🤖 AI Summary
This work addresses the challenges of spatial understanding and limited action generalization faced by humanoid robots in complex 3D environments during whole-body manipulation. To overcome these issues, the authors propose a generalizable motion-manipulation framework that integrates the spatial perception and action generation capabilities of multi-agent large models for the first time. The framework features an “active spatial brain” for scene understanding and task planning, coupled with a “universal motor cerebellum” that generates executable actions without requiring task-specific real-world data. Experimental results demonstrate that the proposed approach significantly enhances spatial reasoning across diverse manipulation tasks and achieves efficient, generalizable whole-body manipulation performance on physical humanoid robots.
📝 Abstract
In this paper, we explore spatial-aware humanoid whole-body manipulation task. Compared with tabletop settings, this task poses two key challenges: 1) Spatial understanding is challenging in complex 3D environments with diverse spatial relations. 2) Action generation is difficult to generalize, as limited and costly real-robot data restricts data-driven models generalization. To address these challenges, we propose a generalizable humanoid loco-manipulation framework that leverages the spatial perception and action generation capabilities of multi-agent large models. Specifically, our framework includes two components: Active Spatial Brain for active spatial perception and decision-making, and Generalizable Action Cerebellum for executable robot action generation.

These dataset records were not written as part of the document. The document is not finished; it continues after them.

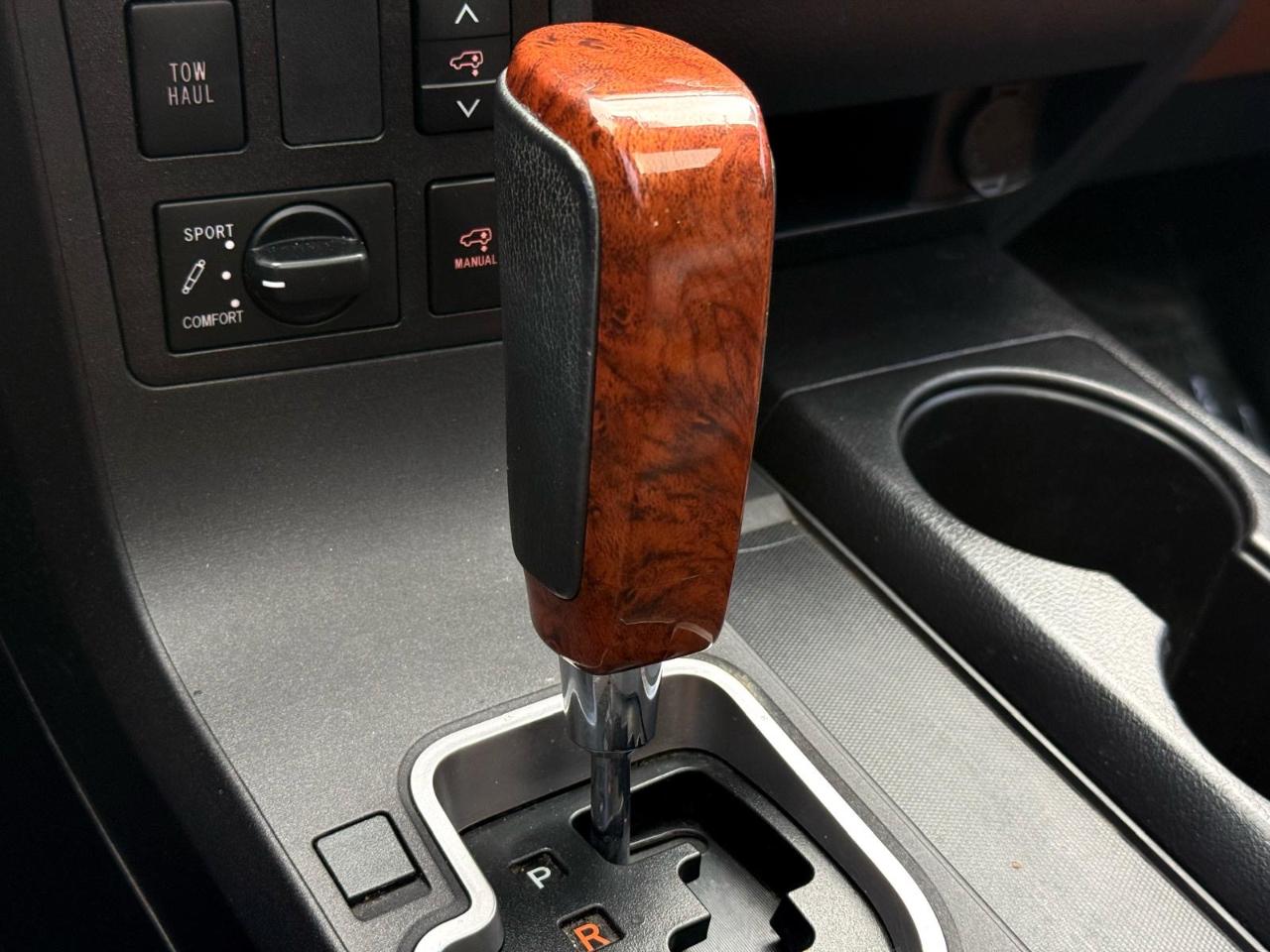 Toyota Sequoia Platinum RWD (Natl) 2018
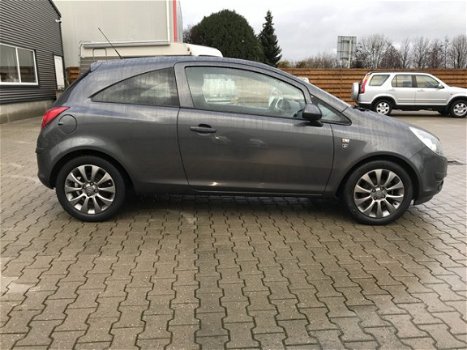 Opel Corsa - 1.4-16V '111' Edition - 1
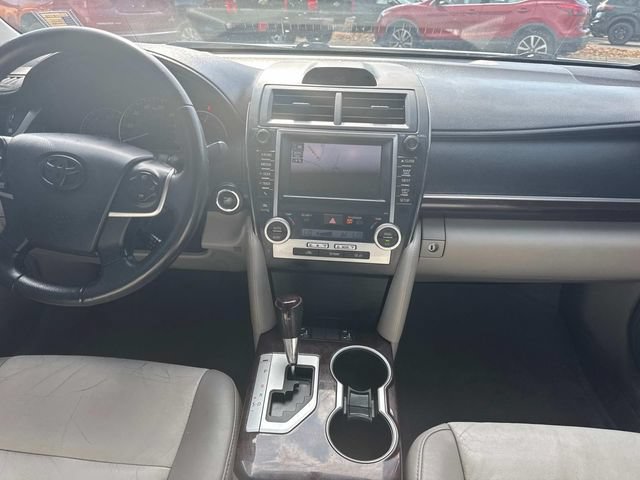 Used 2012 Toyota Camry XLE FWD image 19
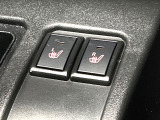 【シートヒーター】寒い日に重宝するシートヒーター!エアコンより早く温まってくれるので寒がりの人も安心ですね♪エアコンの温風は乾燥するから苦手、という方にもをおすすめです。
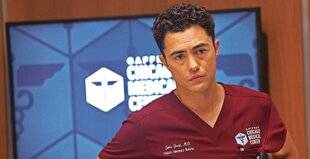 Télé Star 2592 3 questions à Darren Barnet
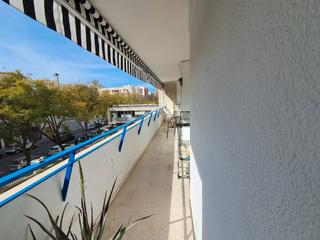 Appartement  Avenida eduardo dato. Se vende espectacular piso en la zona de nervión. en buen estado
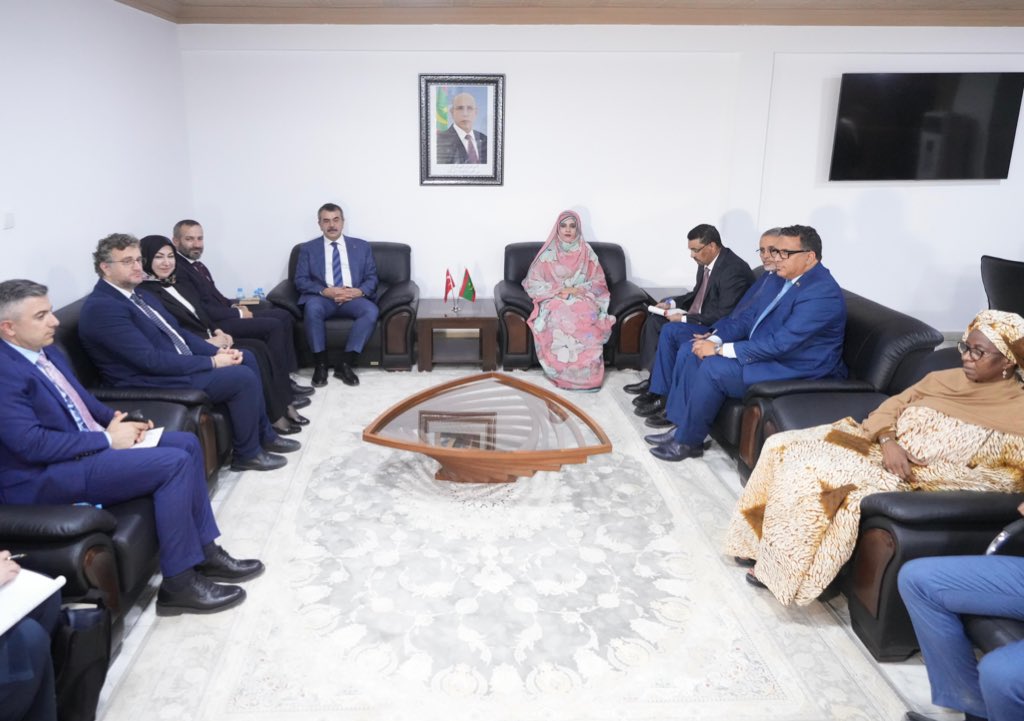 📍Moritanya

Moritanya Eğitim Bakanı Sayın Houda Babah Sid M’hamed ile bir araya geldik.

Türkiye ile Moritanya arasında birçok farklı alanda olduğu gibi, eğitim alanında da güçlü iş birliklerimiz bulunmaktadır. Eğitim alanında gerçekleştirdiğimiz bu iş birliklerinin, iki millet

The first component actively perceives the spatial scene and makes decisions on task planning and subtask decomposition. The second component generate executable robot actions based on the decisions made by the first module without needs of task-specific real robot data. To benchmark our framework, we design a set of spatial manipulation tasks from two perspectives: evaluating spatial perception and understanding, and assessing real-robot task performance. The results demonstrate strong performance on both aspects across diverse tasks and environments.